**Supplied entries**:

• • • • •

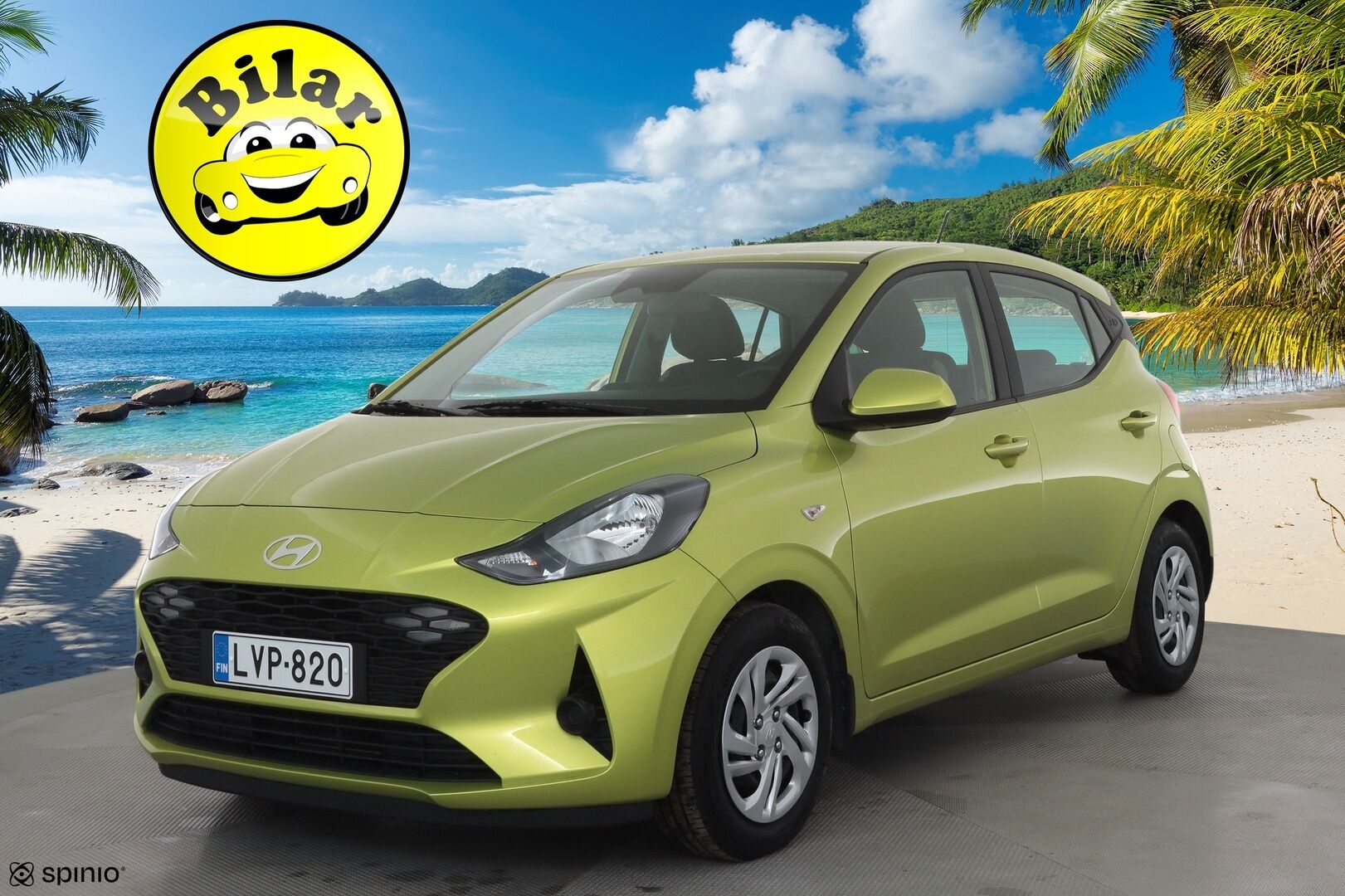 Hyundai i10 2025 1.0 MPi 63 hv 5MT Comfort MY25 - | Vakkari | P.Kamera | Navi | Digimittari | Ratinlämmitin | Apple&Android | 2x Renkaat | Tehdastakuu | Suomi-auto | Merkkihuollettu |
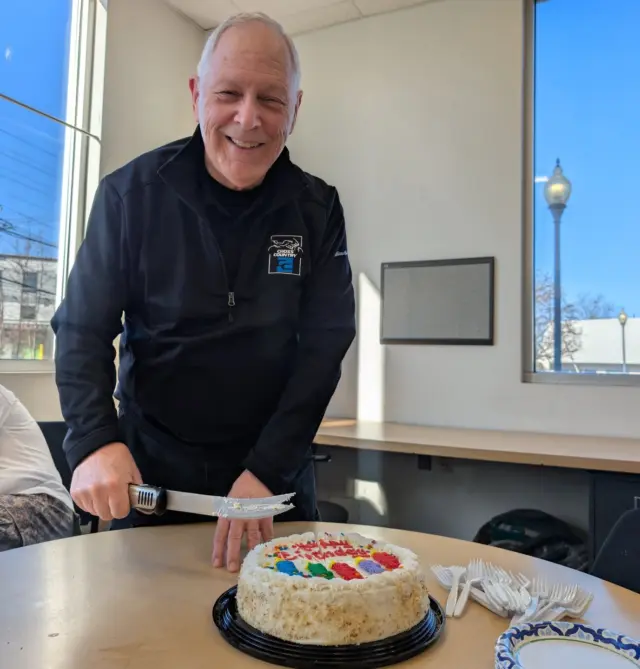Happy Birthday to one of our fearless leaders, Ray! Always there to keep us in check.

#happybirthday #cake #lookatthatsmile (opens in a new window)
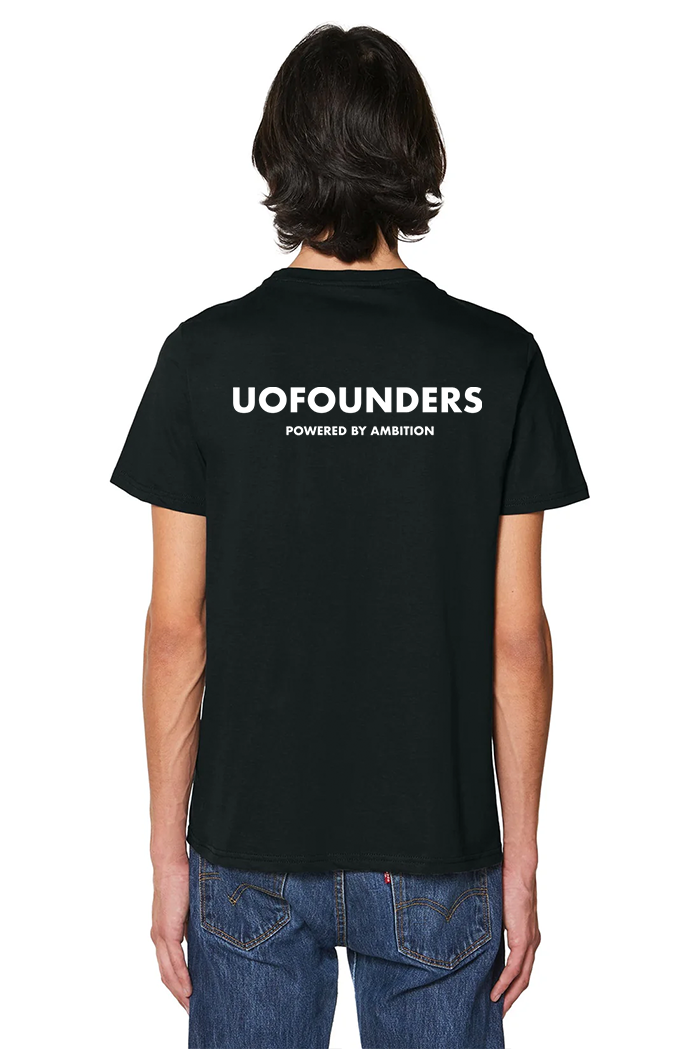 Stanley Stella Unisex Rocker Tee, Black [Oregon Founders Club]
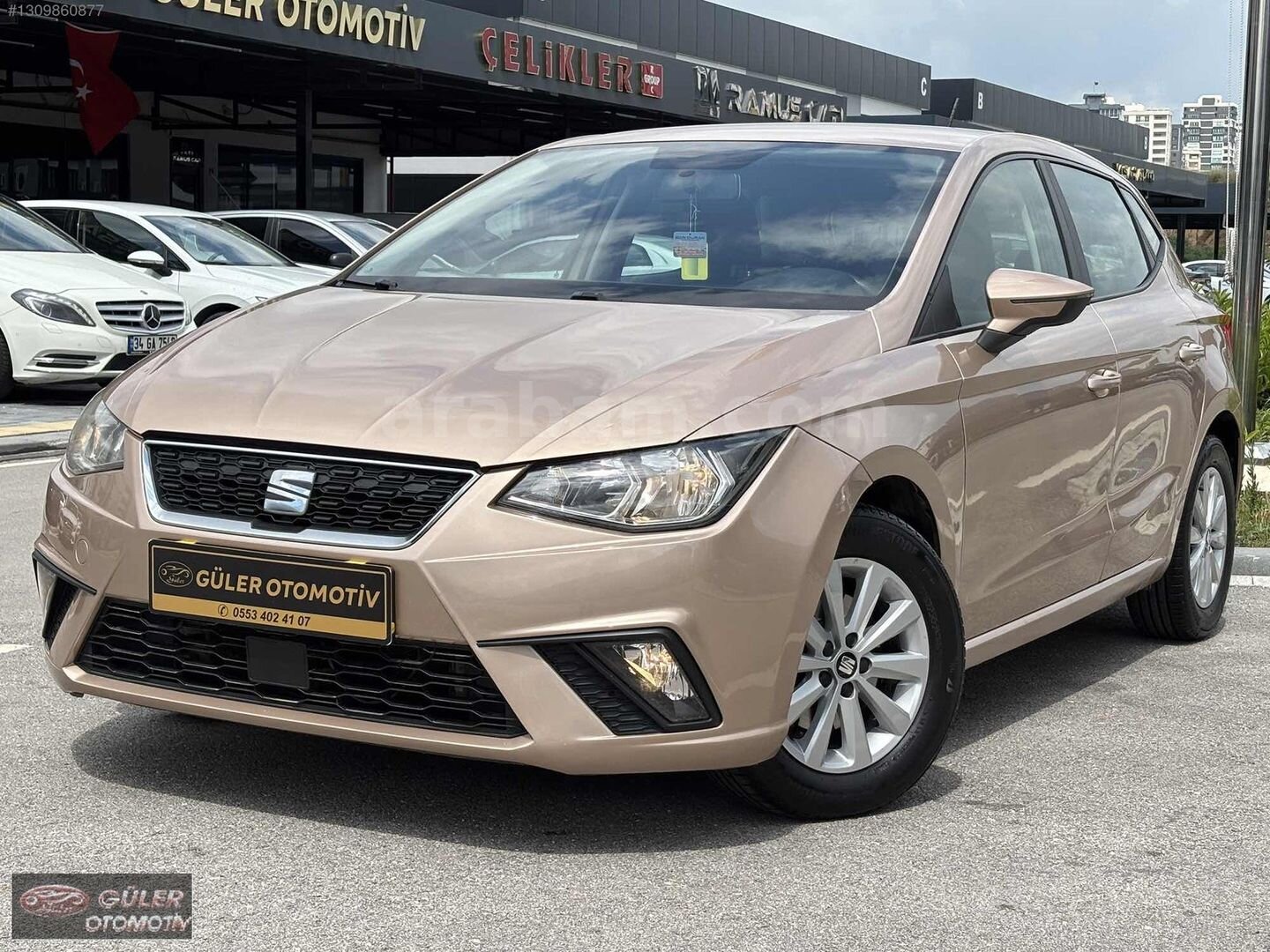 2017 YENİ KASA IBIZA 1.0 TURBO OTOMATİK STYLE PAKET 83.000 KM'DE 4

• • • • •

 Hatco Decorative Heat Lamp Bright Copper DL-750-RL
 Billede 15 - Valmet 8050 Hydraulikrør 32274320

• • • • •

**Your instructions**:
Above are the records; from them, give again exactly the lines from the one containing "Hatco Decorative Heat" to the one containing "Billede 15 - Valmet", both lines included, and nothing more.

**Response to this task**:
 Hatco Decorative Heat Lamp Bright Copper DL-750-RL
 Billede 15 - Valmet 8050 Hydraulikrør 32274320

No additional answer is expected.